Nesse sentido, a cirurgiã vascular Dra. Aline Lamaita, mestre em Ciências pela Santa Casa de Misericórdia de São Paulo, explica o impacto desse hábito no organismo: “Esse conceito descreve o tempo prolongado em que o corpo permanece com baixo gasto energético, sentado, reclinado ou até em pé de forma estática, mesmo em indivíduos que cumprem as recomendações de atividade física. A questão central é que hoje muitas pessoas têm a rotina de fazer uma hora de atividade física e passar o dia sentado ou em repouso, por conta do trabalho; nesses casos, o organismo não interpreta apenas o ‘pico’ de movimento do dia, como uma sessão de treino, mas responde ao padrão contínuo de estímulos. E, quando esse padrão é dominado por longos períodos de imobilidade, o sistema vascular passa a operar em um ritmo mais lento, com repercussões progressivas que aumentam o risco de alterações visíveis, como as varizes.”

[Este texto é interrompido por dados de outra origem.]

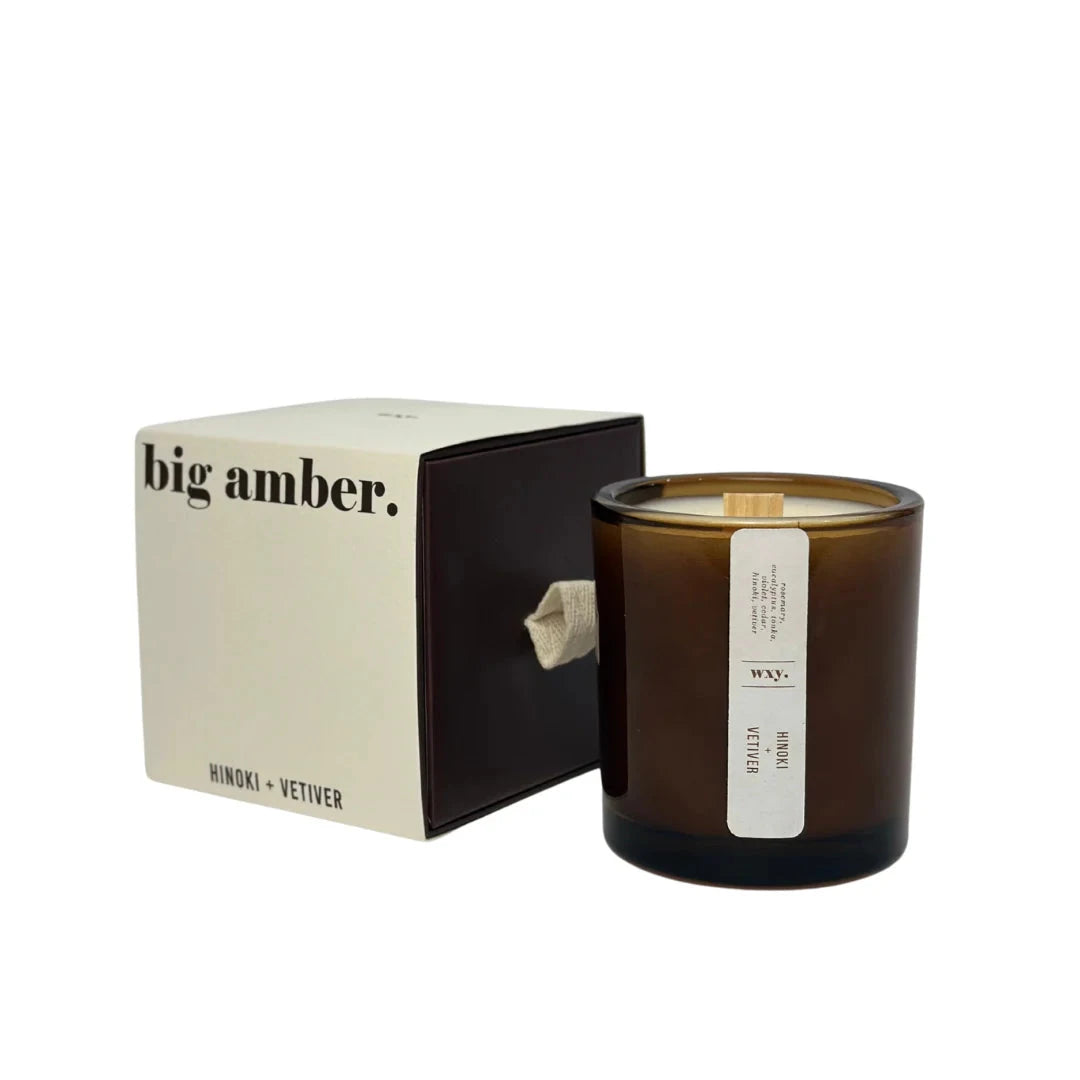big amber, HINOKI + VETIVER, the grounding scent - Duftkerze von wxy. North Glow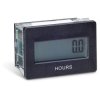 Trumeter 3410-5010 LCD Hour Mtr 10-300VDC / 20-300VAC Rect Snap-In Mount Reset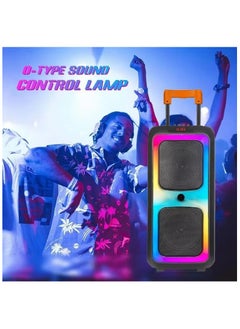 PartyBox Portable Bluetooth Speaker with RGB Lighting, Bluetooth Speaker With Mic, Remote & Wireless Microphone, Subwoofer, FM Radio for Indoor & Outdoor Parties - pzsku/ZE9901596E21D68E8DEE5Z/45/1741090251/38727499-9011-466f-9d13-42d14286258e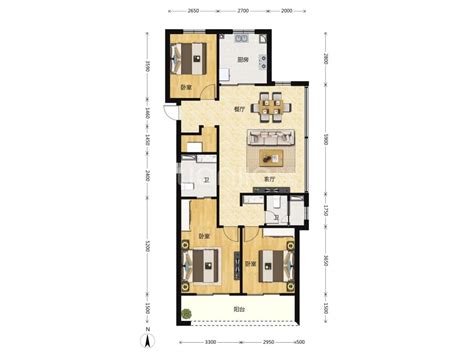 【晨语汀澜里杭州晨语汀澜里楼盘】零居室户型图4室2厅2卫建面 130m²房型图 杭州贝壳新房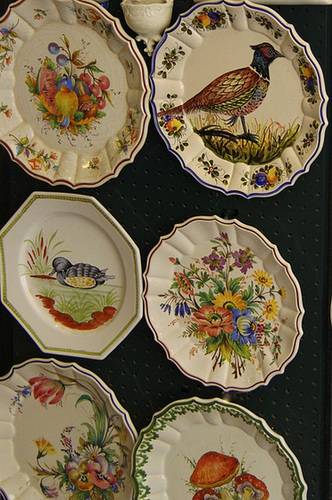 Collection d'assiettes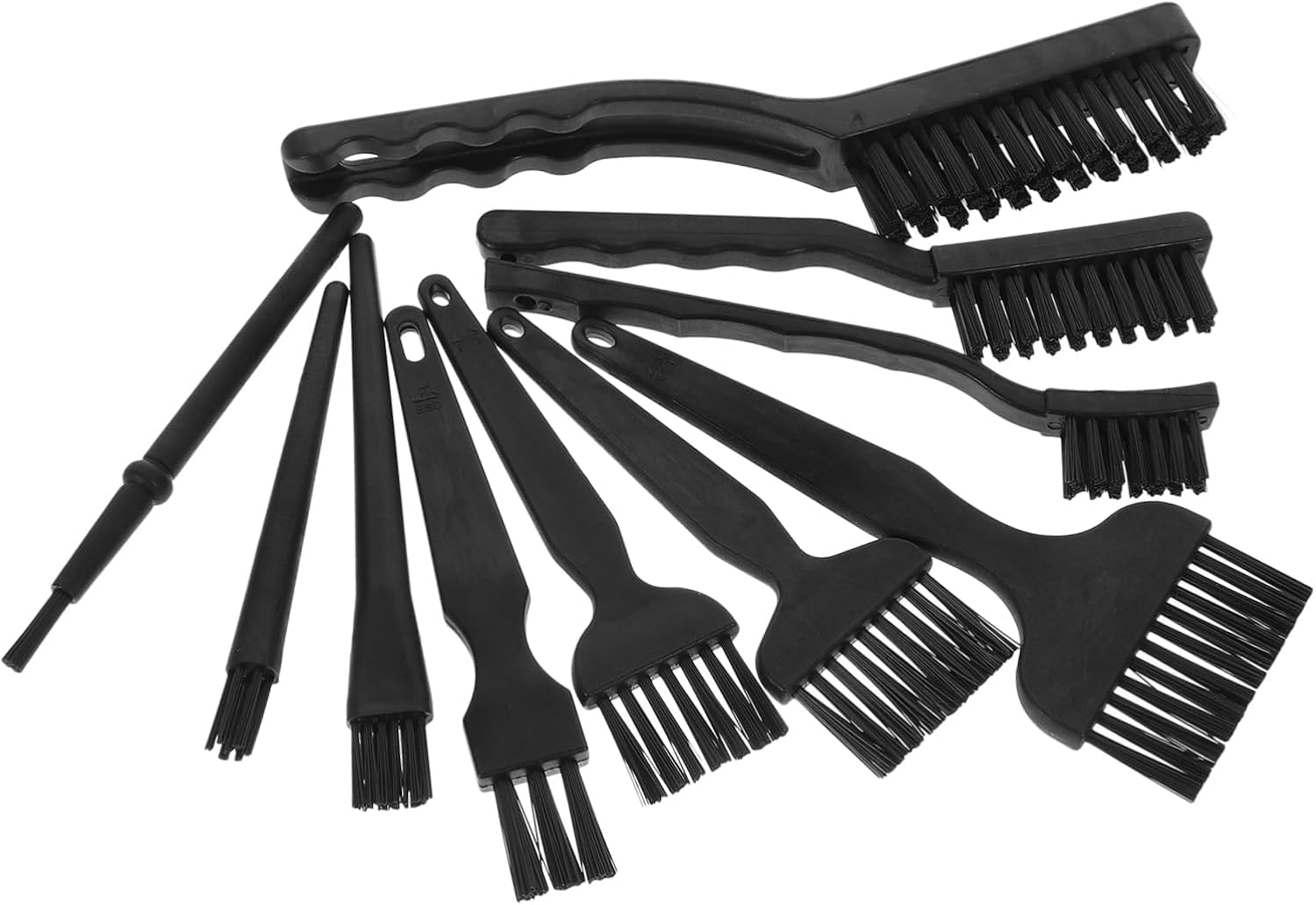 OUNONA 10pcs Electronic Cleaning Kit Keyboard Brush Multi-Function Static-Resistant Laptop Duster Made of Pa Material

Por que a imobilidade afeta as veias das pernas?
Estudos indicam que permanecer sentado por mais de 4 horas diárias eleva significativamente as chances de desenvolver varizes e insuficiência venosa crônica. Isso ocorre porque o retorno do sangue para o coração depende diretamente da contração da panturrilha, considerada o “coração periférico” do corpo humano.
Como detalha a médica especialista: “Quando uma pessoa permanece sentada por muitas horas, essa bomba muscular praticamente entra em modo de espera. O sangue passa a se acumular nas veias dos membros inferiores, elevando a pressão dentro desses vasos. Com o tempo, essa sobrecarga favorece a dilatação venosa, a perda de eficiência das válvulas e o surgimento de sintomas como inchaço, sensação de peso e cansaço nas pernas.”
Além disso, as varizes ultrapassam o incômodo estético. “Elas são o início de um processo de insuficiência venosa crônica, que tende a se intensificar com o passar dos anos. A partir dos 30 ou 40 anos, especialmente em pessoas com predisposição genética, excesso de peso ou rotina profissional predominantemente sentada, esse cenário se torna ainda mais relevante, pois os mecanismos de compensação vascular já não respondem com a mesma eficiência”, acrescenta a Dra. Aline.
Estratégias de redução de danos na rotina de trabalho
Como parar de trabalhar sentado não é uma opção realista para a maioria, a solução está em adotar pequenas pausas de movimento ao longo do expediente para estimular a circulação:
Micro-pausas ativas: Levante-se a cada 30 ou 60 minutos para caminhar por alguns instantes ou fazer movimentos simples com os pés e tornozelos.
Exercícios sem sair da mesa: Faça contrações repetidas com a musculatura das pernas e panturrilhas enquanto digita ou atende chamadas.
Aproveite os intervalos: Caminhe durante o horário de almoço ou faça um treino aeróbico rápido no meio da tarde, quando possível.
Ajustes ergonômicos: Alterne entre trabalhar sentado e em pé, evitando a compressão prolongada da parte de trás das coxas.
Uso de meias de compressão: Para grupos de risco ou pessoas acima dos 40 anos, a avaliação médica pode indicar o uso do acessório como medida preventiva.
Em suma, o corpo humano precisa de estímulos contínuos. A Dra. Aline Lamaita conclui ressaltando a importância do alerta: “Muitas pessoas custam a acreditar que estão em risco, pois acreditam que uma hora de exercício por dia é suficiente. Por isso, é importante alertar sobre o sedentarismo invisível, que não é percebido como um problema, e acaba sendo um dos fatores mais negligenciados da saúde moderna. E, ao mesmo tempo, um dos mais modificáveis.”